The dearth of federally insured cannabis banking prevents cannabis industry participants from utilizing banking services like payroll and credit card processing, results in private financing at high interest rates, and risks physical harm in transporting large amounts of cash. In addition, it prevents noncannabis companies from entering or providing services to the industry for fear of bank account closures or claims of money laundering. Because the BSA and anti-money-laundering laws apply to “financial institutions,” insurance companies have been reluctant to provide coverage to the industry.
On December 20, 2018, the Agriculture Improvement Act of 2018 (2018 Farm Bill) removed hemp, a strain of cannabis containing low or no psychoactive chemicals, from the definition of “marijuana” under the Controlled Substances Act, making hemp as defined in the 2018 Farm Bill a federally lawful agricultural commodity. See 7 U.S.C. 1639r(a)(1). By removing the “unlawful” label previously applied to hemp, as a strain of cannabis, it was expected that traditional financial institutions would begin to provide their services to businesses and individuals involved with hemp, but not marijuana. However, in the absence of USDA regulations implementing the 2018 Farm Bill, most financial institutions remained reluctant and steered clear.

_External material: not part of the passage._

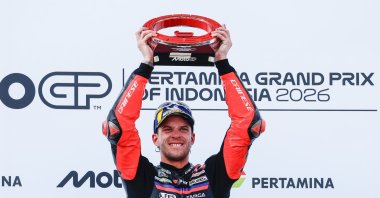 Aprilia Racing's rider Marco Bezzecchi celebrates on the podium after winning the Indonesia MotoGP in Mandalika, Indonesia, Oct. 11, 2026. (EPA Photo)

On October 29, 2019, the USDA released its draft version of the interim final rule setting forth regulations for the establishment of a Domestic Hemp Production Program. The rule is not yet final (and won’t be until it is published in the Federal Register), but it sets forth provisions governing, among other things: sampling and testing of THC in hemp, hemp transportation, hemp cultivation licensing requirements and penalties for violations of the 2018 Farm Bill. Most importantly, the regulations allow approval of state hemp programs by the USDA, provided they comport with the USDA’s regulatory structure.
In light of the USDA regulations, on December 3, 2019, FinCEN, along with the Board of Governors of the Federal Reserve System, the Federal Deposit Insurance Corporation and the Office of the Comptroller of the Currency, in consultation with the Conference of State Bank Supervisors, issued their “statement to provide clarity regarding the legal status of commercial growth and production of hemp and relevant requirements for banks under the Bank Secrecy Act (BSA) and its implementing regulations.” Acknowledging the 2018 Farm Bill and the interim final rule, the federal banking regulators’ statement informs banks that they “are not required to file a Suspicious Activity Report (SAR) on customers solely because they are engaged in the growth or cultivation of hemp.” Instead, the statement instructs that “for hemp-related customers, banks are expected to follow standard SAR procedures, and file a SAR if indicia of suspicious activity warrants.” Importantly, the bank regulators’ statement emphasizes the still unlawful nature of marijuana and notes that “[i]n the context of marijuana-related businesses, banks should continue following FinCEN guidance FIN-2014-G001 – BSA Expectations Regarding Marijuana-Related Businesses.”
While it is not going to change the dearth of banking for marijuana-related business, the federal banking regulators’ guidance for banks providing financial services to hemp-related businesses is welcome news for the hemp industry, as financial institutions may now readily provide their services to hemp-related businesses like businesses in any other industry. It likely will also be well-received by banks, insurers and other financial institutions that have been interested in, but have largely foregone, providing financial services to the hemp industry, which has grown into a multibillion-dollar market with exciting potential.
Hemp industry participants should be mindful that FinCEN will issue additional guidance after further reviewing and evaluating the interim final rule. The USDA is accepting public comment on the proposed Domestic Hemp Production Program until December 30, 2019.